Lead-by-Help with Professor Jeff Polzer
This study examines if and under which conditions "lead-by-help," defined here as the extent to which leaders anticipatorily act to assist subordinates in completing their work, may not be viewed as favorable as would rationally be expected. In both laboratory and field settings we investigate if and when such help contributes to subordinates' perception of their work as more meaningful, thus leading them to affectively commit to work, put in higher effort, and achieving better work performance. The condition being investigated is the level of leaders' pro-social values (low self-oriented and high other-oriented values), which may signal to subordinates the type of motives behind lead-by-help. We draw on attribution theory and proposes that 1) unsolicited lead-by-help (leaders anticipatorily offer assistance rather than responding to requests) leads to higher effort and better performance 2) by enhancing subordinates' perceived meaning of their work, and that 3) the relationships hold so long as subordinates view leaders as possessing pro-social values, thus attributing leaders' helping behaviors to benevolent motives.

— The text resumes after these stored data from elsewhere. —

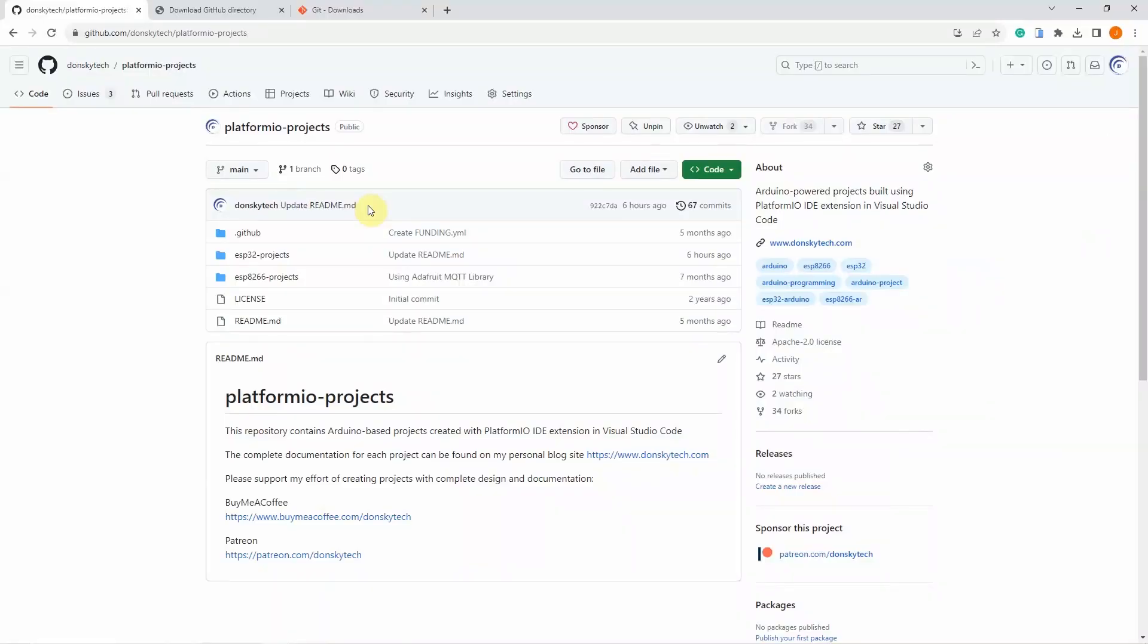Hi! Welcome to Don's Key Tech. In this video, I'm going to share with you how you can download a file, a folder, or a whole project from any GitHub repository.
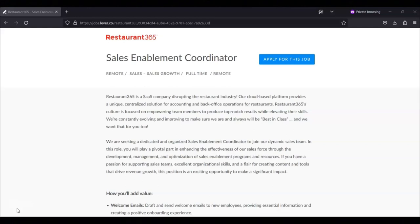The benefits for this job include comprehensive medical benefits, 401k plus matching, equity option grant, unlimited PTO and company holidays, and wellness initiatives.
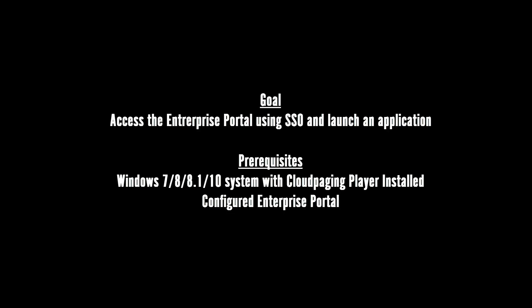This video will guide you through the process of launching a cloud-paged application from the Enterprise Portal using single sign-on.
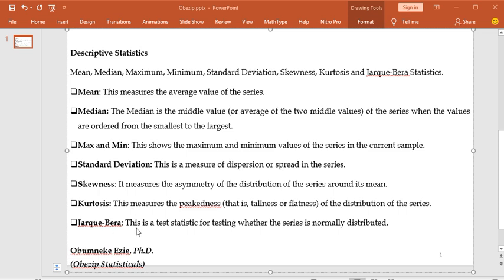The next is Jarque-Bera. This is a test statistic for testing whether the series is normally distributed. The null hypothesis states that the variables are normally distributed, while the alternative hypothesis states that the variables are not normally distributed.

Contentment with Professor Roy Chua
Middle-Way is one of the core principles of Buddhism-it promotes a moderate lifestyle that is self-sufficient and void of excesses or extremes in any life domains. People with this type of lifestyle live a "content" life. However, could life contentment in any way harm work performance? By using archival and survey data from a technological Thai company in Thailand, where the Middle-Way concept is widespread, content lives ubiquitous, and creative performance sought after, we aim to answer this very question and seek a potential remedy. In specific, we argue that life contentment could harm employees' creative performance by diluting the promotion-focus motivation that is needed for creativity, yet transformational leadership-leadership style that inspires employees to do more than expected of them (Bass, 1985)-could potentially attenuate the effect. Cross-cultural implications will also be explored.
Lingua Franca Use with Professor Tsedal Neeley and Professor Jeff Polzer
In a laboratory setting, we tested the casual effect of an English-only mandate on nonnative speakers' perceptions of status differences vis-à-vis native speakers, and investigated the role of English fluency as a marker of an achieved status in moderating these perceptions. We also explored if and how nonnative speakers' verbal patterns changed under the mandate condition, and how these changes impacted communication implications. Regression analyses showed that the English mandate widened the perceived gap in status between nonnative and native speakers but the effect decreased as fluency increased. In addition, content analyses indicated that nonnative speakers' verbal patterns under the mandate condition differed significantly from the no-mandate condition in such ways that might reduce communication effectiveness.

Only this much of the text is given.